UK Regulators to Introduce Rules for Stablecoins in New Markets Bill
Sandali Handagama - CoinDesk
Regulators in the U.K. are introducing rules for using stablecoins – cryptocurrencies whose prices are pegged to another asset – as payment tools to the country’s parliament on Wednesday.
The rules are part of a long-awaited financial services and markets bill, aimed at strengthening the U.K. financial system post-Brexit, set to be presented to parliament in the coming hours.
The government has previously said crypto will play a part in the country's broader post-Brexit strategy to increase economic competitiveness. In April, the U.K. Treasury, the government's finance arm, announced a set of initiatives to help turn the country into a global crypto hub.
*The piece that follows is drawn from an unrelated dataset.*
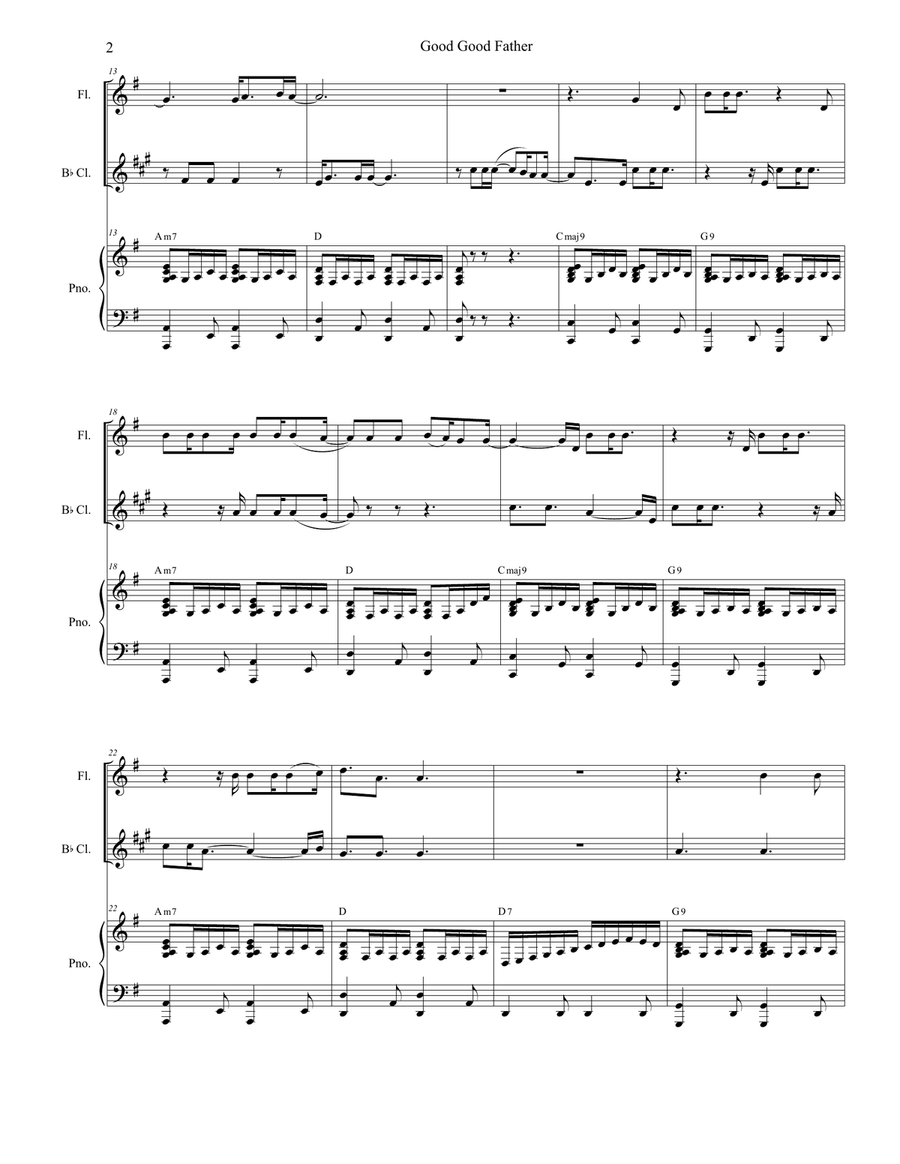 Good Good Father Good Good Father Woodwind Duet scores gallery preview page 2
The announcement promised new rules that would let consumers confidently use stablecoins for payments.
But a dramatic crypto market downturn, followed by the resignations of crypto-friendly finance minister Rishi Sunak and senior Treasury official Jon Glen, threatened to shake up the plans.
In May, the collapse of $18 billion stablecoin terraUSD prompted the Bank of England, the U.K.’s central bank, to publish a consultation on its plans to regulate similar cryptoassets, and proposed the bank be given the power to appoint administrators to oversee insolvency procedures for failed stablecoin issuers.
Earlier this month, the Bank of England’s deputy governor Jon Cunliffe hinted at a delay in news on crypto regulations in light of the cabinet reshuffle, but promised stablecoin rules before the August summer break.
Explaining the new bill during his first speech as the newly appointed finance minister on Tuesday, Nadhim Zahawi said the framework “reinforces the U.K.’s position as a leading center for technology as we safely adopt crypto assets.”